START Information supplied

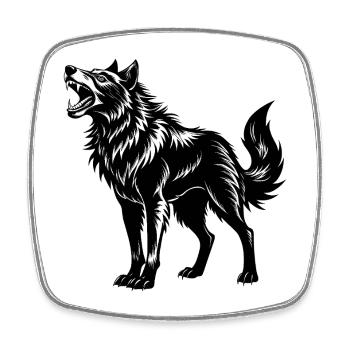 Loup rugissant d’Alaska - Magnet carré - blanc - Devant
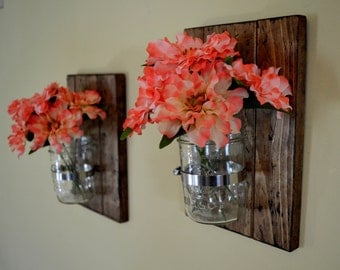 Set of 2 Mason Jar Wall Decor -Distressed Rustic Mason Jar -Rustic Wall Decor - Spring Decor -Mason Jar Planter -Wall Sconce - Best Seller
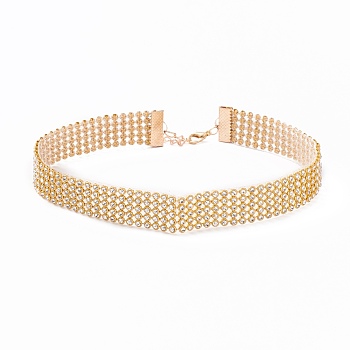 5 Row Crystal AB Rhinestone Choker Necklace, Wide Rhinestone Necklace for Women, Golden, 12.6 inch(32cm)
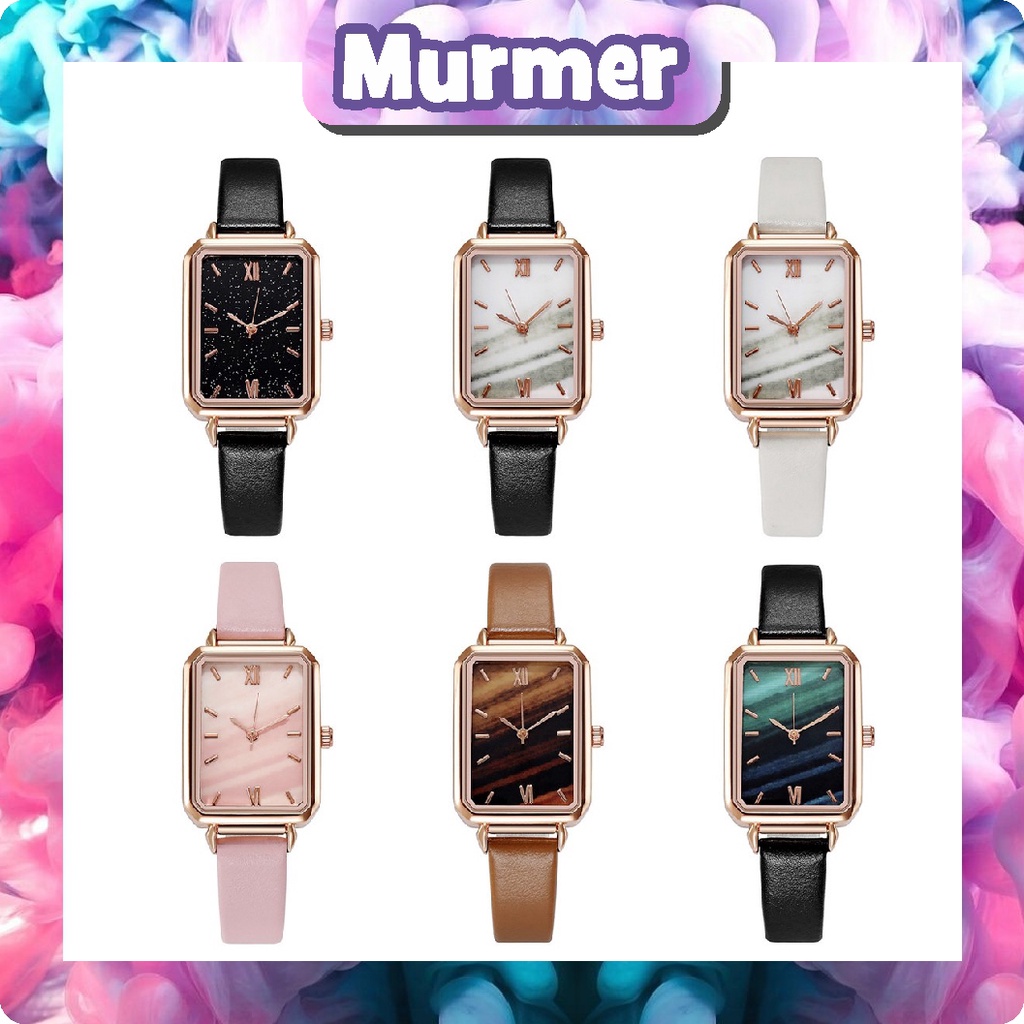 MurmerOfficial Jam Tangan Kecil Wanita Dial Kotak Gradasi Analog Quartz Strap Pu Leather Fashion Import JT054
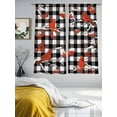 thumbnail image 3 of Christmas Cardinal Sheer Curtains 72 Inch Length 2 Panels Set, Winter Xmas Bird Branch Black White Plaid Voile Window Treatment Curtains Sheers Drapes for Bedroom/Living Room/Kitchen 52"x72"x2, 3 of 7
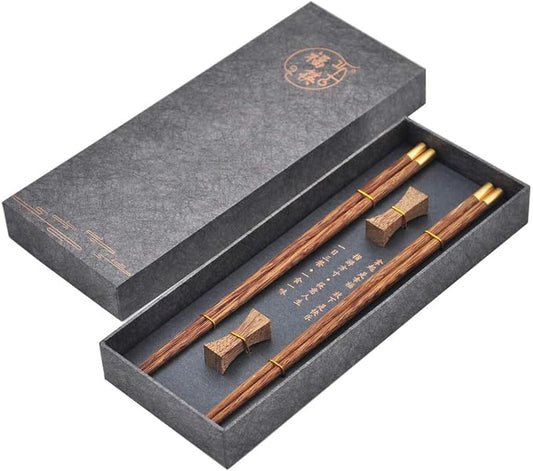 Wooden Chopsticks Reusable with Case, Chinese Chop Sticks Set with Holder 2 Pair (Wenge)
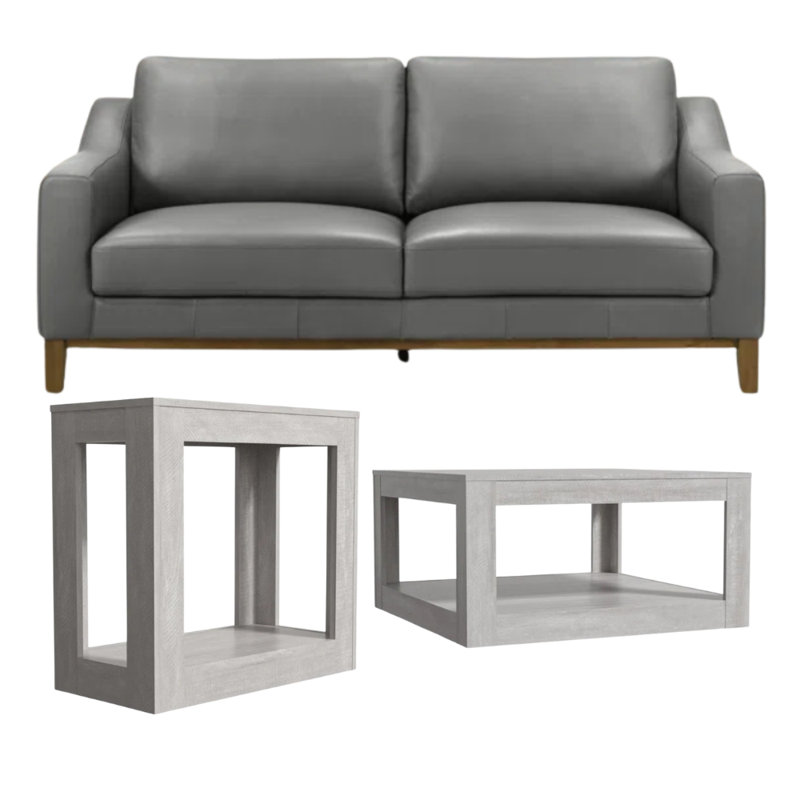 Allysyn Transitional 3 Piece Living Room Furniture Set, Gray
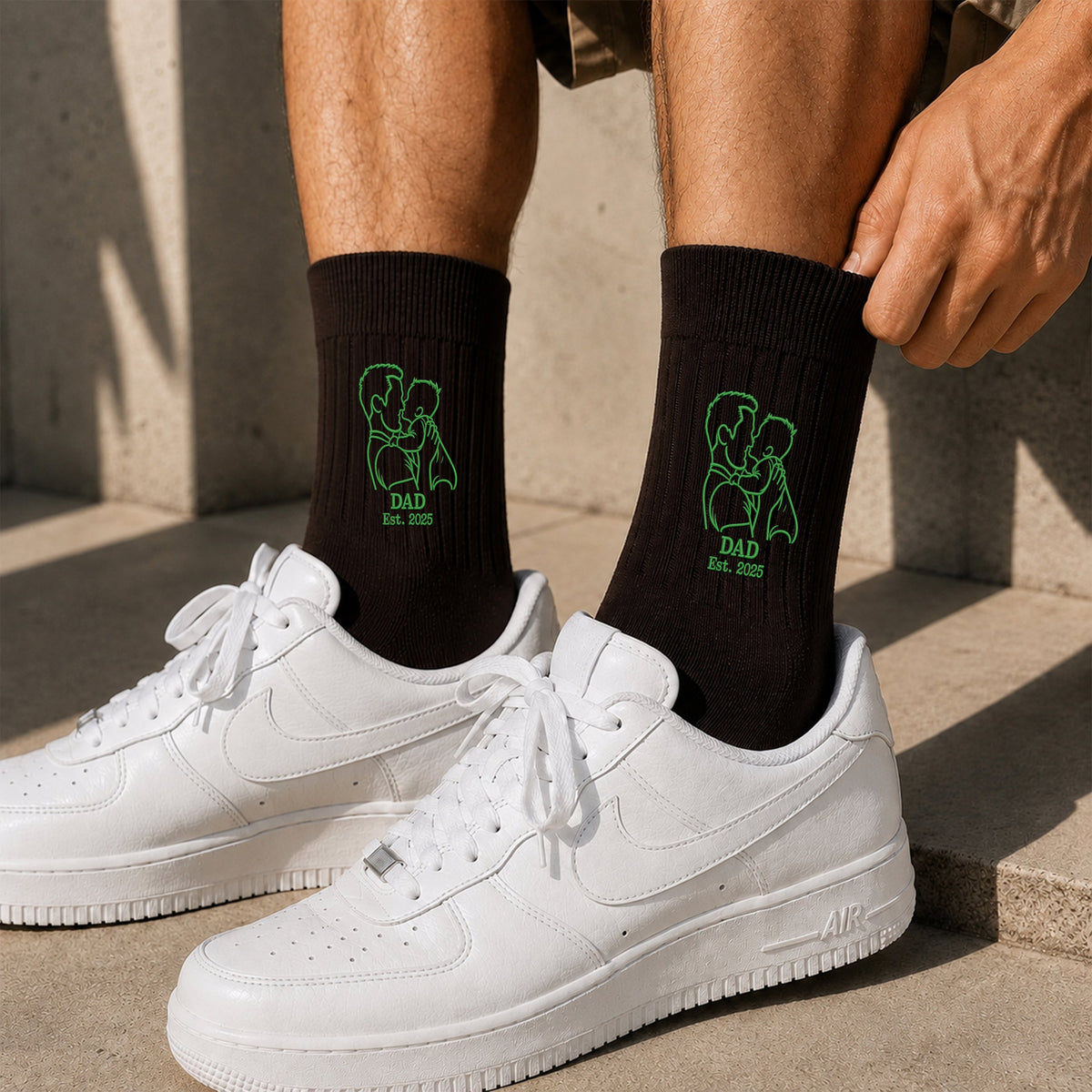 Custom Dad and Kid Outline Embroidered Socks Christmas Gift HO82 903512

END Information supplied
START Information supplied

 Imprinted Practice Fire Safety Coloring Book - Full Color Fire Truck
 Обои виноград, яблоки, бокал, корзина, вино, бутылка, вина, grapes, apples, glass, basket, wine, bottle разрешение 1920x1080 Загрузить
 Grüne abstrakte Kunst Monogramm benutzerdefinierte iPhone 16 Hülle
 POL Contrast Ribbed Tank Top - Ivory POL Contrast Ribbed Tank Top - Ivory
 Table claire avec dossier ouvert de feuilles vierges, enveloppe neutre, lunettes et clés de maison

END Information supplied
START Information supplied

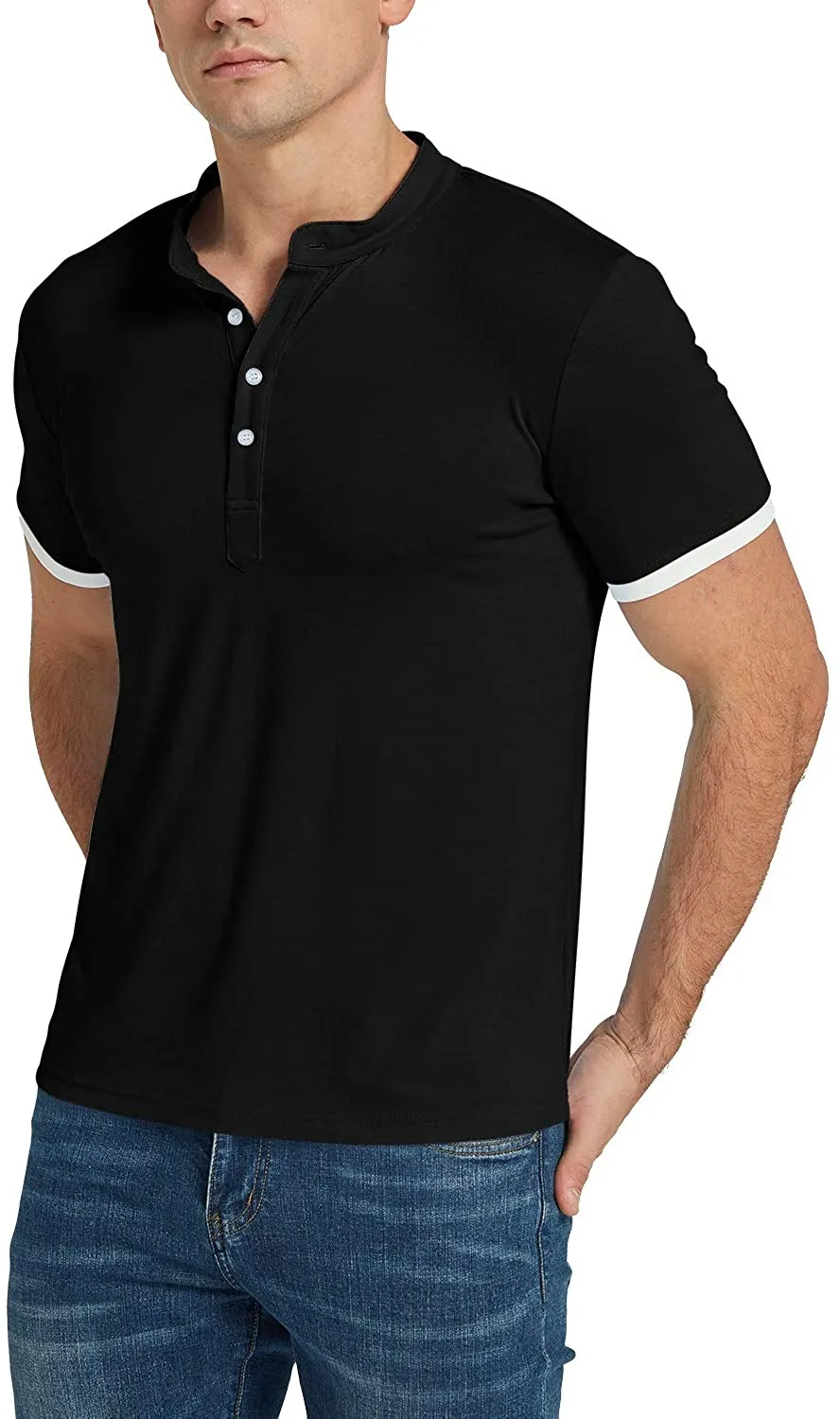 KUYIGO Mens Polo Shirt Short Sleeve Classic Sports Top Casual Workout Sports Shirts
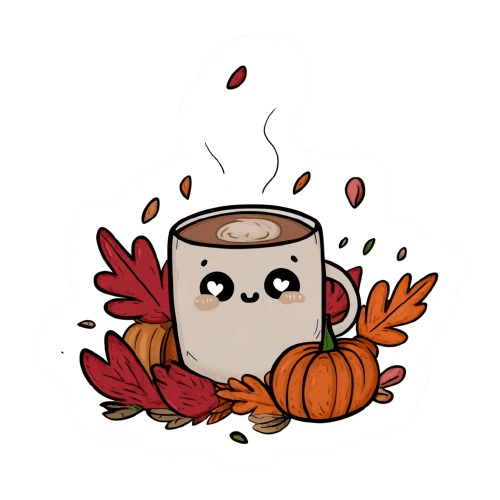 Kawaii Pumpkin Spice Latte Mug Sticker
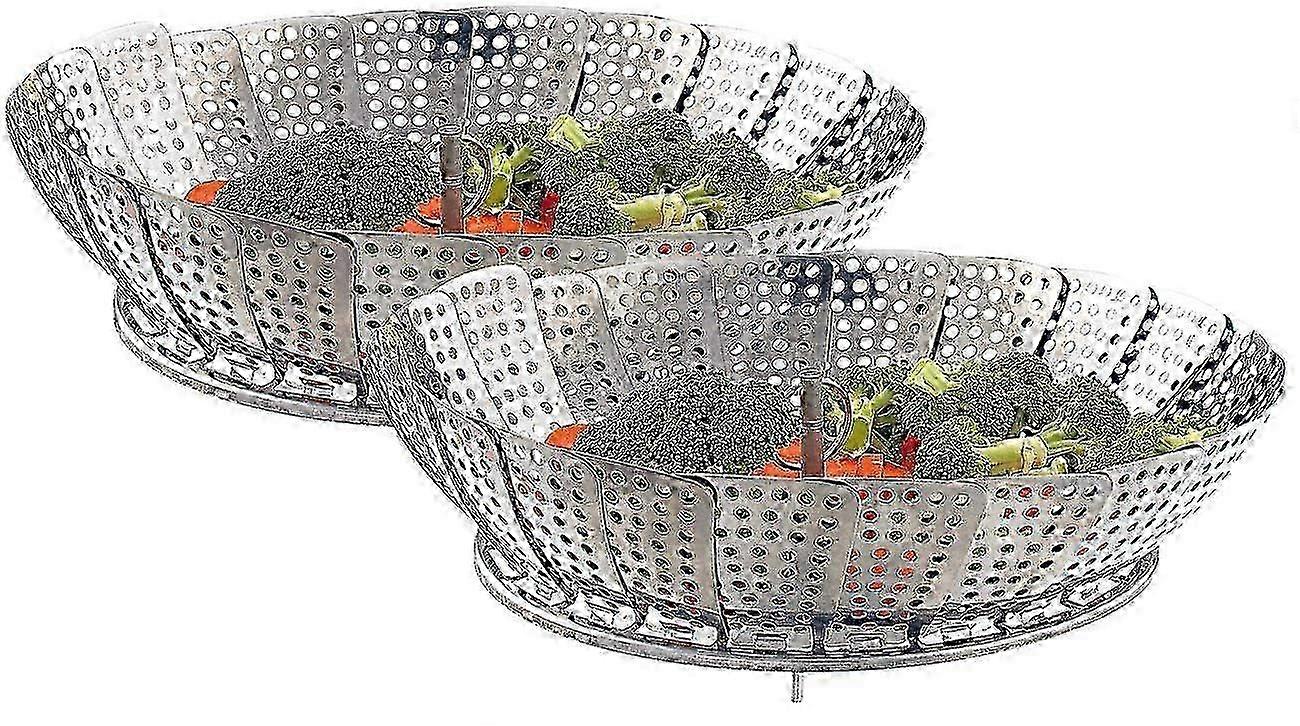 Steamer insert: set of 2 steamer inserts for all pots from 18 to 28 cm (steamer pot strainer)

END Information supplied

→ Requirement: Among the entries above, locate the lines containing "POL Contrast Ribbed Tank Top - Ivory POL" and "Table claire avec", and transcribe exactly those two lines and all lines between.

→ Exercise response:
 POL Contrast Ribbed Tank Top - Ivory POL Contrast Ribbed Tank Top - Ivory
 Table claire avec dossier ouvert de feuilles vierges, enveloppe neutre, lunettes et clés de maison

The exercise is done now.